July 20, 2014

Searching is hard… Pt. 1

Note: This blog post is part one of a two-part series. The second part has not been posted yet.


I won’t mince words — searching for things is hard. It ranks up there with password hashing, and given the opportunity, I’d farm out the process to a library that I know does the job.

Nobody I know personally has built a search index by hand, because it’d be a complete waste of time (especially since you’d be reinventing the wheel trying to solve a problem that’s been solved multiple times already). So where does that leave us when it comes to forum software?

Typically, full-text search is used. All forum software prior to the 2000s* is based on a relational database, and the simplest way to enable searching is to use the built-in language constructs:

SELECT post_id, content FROM posts WHERE content='%term%';

It’s simple and it does the job. Problem solved, right?

The main advantage to this method is its simplicity (barely any developer overhead and maintenance), combined with a pretty good method of finding things. If you like overused business buzzwords, it’s the lowest hanging fruit on the tree of search indexing. The highest fruit is a search algorithm on-par with Google.

The problem with this method of searching (and it’s a bit of a stretch to call it a problem, since in 90% of cases, it is sufficient) is that it doesn’t scale well. Let’s run through an example:

  • In a naive search, you are looping through every single entry, looking for a match to the search term. The length of time it takes to complete this search goes up linearly with the amount of content available (in Big-O notation, that’d be O(n))
    • If you have multiple search terms and want to conduct the search so that Farmer John returns results for Farmer or John, then you’d have to run the search twice (so, O(2n), or twice as complex), not to mention that you’d also have some post-processing to do, so you can reduce the two disparate datasets into one result set. You could minimise the post-processing by doing a search for each term (and of course, every combinations of each term, right?), but at the point, you’re probably better off taking a good long vacation.
  • Alrighty, so you can increase the efficiency of the search by creating an index, so instead of iterating through the content itself, you iterate through a comparatively small index. The part some people forget is that the building of the index must be done every time the searchable collection is updated (e.g. a new post is made), meaning the scaling issue is still prevalent, just postponed.
    • It’s safe to assume that a new entry would not necessitate the complete deletion of the existing index, followed by a re-index, so using an index is universally a better idea than not having one at all.

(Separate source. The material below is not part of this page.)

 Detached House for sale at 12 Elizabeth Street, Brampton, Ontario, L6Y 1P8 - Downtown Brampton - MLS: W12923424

Either way, search is slow, so much so that some forums restrict searches to registered users only, and even registered users could only search once every x seconds/minutes (!!)**.

Another interesting point to make is that during the initial development phase of many existing forums, there was no precedent for interoperability. Almost all applications relied on themselves, and the implementation of APIs was often a cumbersome process that needed much fine-tuning (anybody remember SOAP with XML data?). Using a full-text search made available through the database was pretty much the easiest and only option at the time.

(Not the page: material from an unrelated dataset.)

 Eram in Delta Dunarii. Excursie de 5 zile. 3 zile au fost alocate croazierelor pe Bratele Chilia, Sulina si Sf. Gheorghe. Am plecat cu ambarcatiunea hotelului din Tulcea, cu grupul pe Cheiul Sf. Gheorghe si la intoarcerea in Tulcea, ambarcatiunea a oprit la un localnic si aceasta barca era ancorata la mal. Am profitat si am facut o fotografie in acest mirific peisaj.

tl;dr We have a unique opportunity to revolutionise the way search is conducted in forums.

Our Experiment

In the same vein as lots of our other implementations in NodeBB, we wanted to experiment with search. We also had the restriction that our data set was stored in Redis. This severely limited our options to:

  • An off-the-shelf search module
  • Hand-rolling our own search system and indexing

We found Reds, and implemented it soon thereafter. We were happy with the results — it was quick and simple to implement, used Redis, and it even had phonetic search, so even if you misspelled a word, you’d still find what you were looking for! Neat!

Problems arise

We first started noticing problems when we received reports that the search functionality was returning false positives. The phonetic indexing works in this way:

Currently reds strips stop words and applies the metaphone and porter stemmer algorithms to the remaining words before mapping the constants in Redis sets … [This] means that phonetically similar words will match, for example "stefen", "stephen", "steven" and "stefan" all resolve to the constant "STFN". Reds takes this further and applies the porter stemming algorithm to "stem" words, for example "counts", and "counting" become "count".

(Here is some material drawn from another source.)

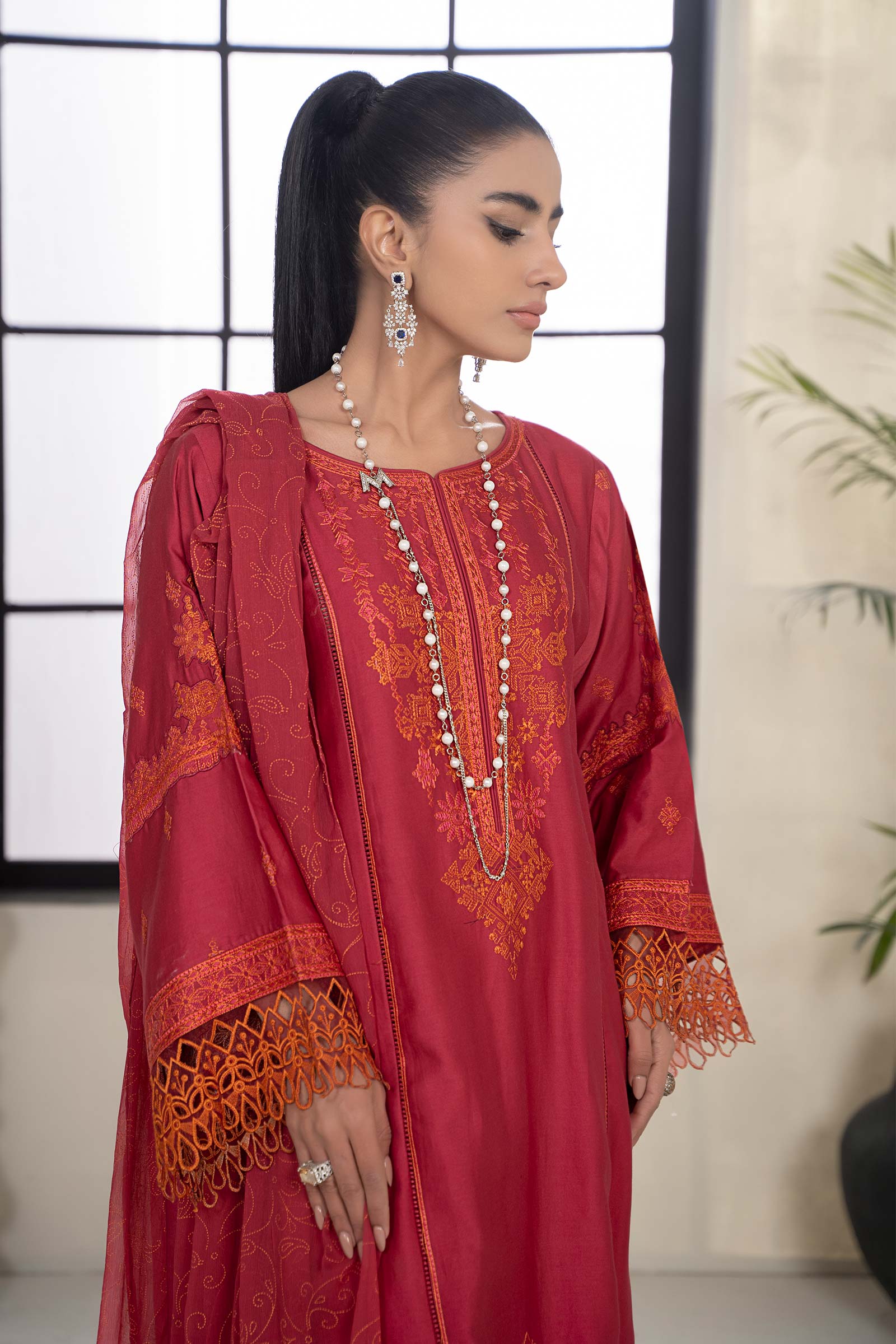 3 Piece Embroidered Lawn Suit - Image 2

This method does fall short given that there are many homonyms in English, and many words that share the same letters when normalised. For example, forum and farm share the same normalised entry: FRM, despite having radically different meanings. When working with full-text searching where strict relevence-based results are desired, the convenience of being able to misspell search terms did not outweigh the rate of false positives.

The final nail in the coffin was the internationalization effort of NodeBB. Reds, being phonetic-based, simply could not reduce any language that used a non-latin character set. I’m pretty sure it also choked on accented characters as well, though I could be wrong. This limited Reds’ applicability to forums that spoke only English, with reduced search performance on other languages, or complete unusability on Asian and Cyrillic languages.

Clearly, a solution was called for, which I will expand on further in the next part of this post.

Notes

* Needs citation — I’m only generalising

** Imagine if a user wanted to DDoS a php-backed forum running on a server with only 3 worker threads. That user would only need to contunuously execute three search queries in order to completely block access to any other user!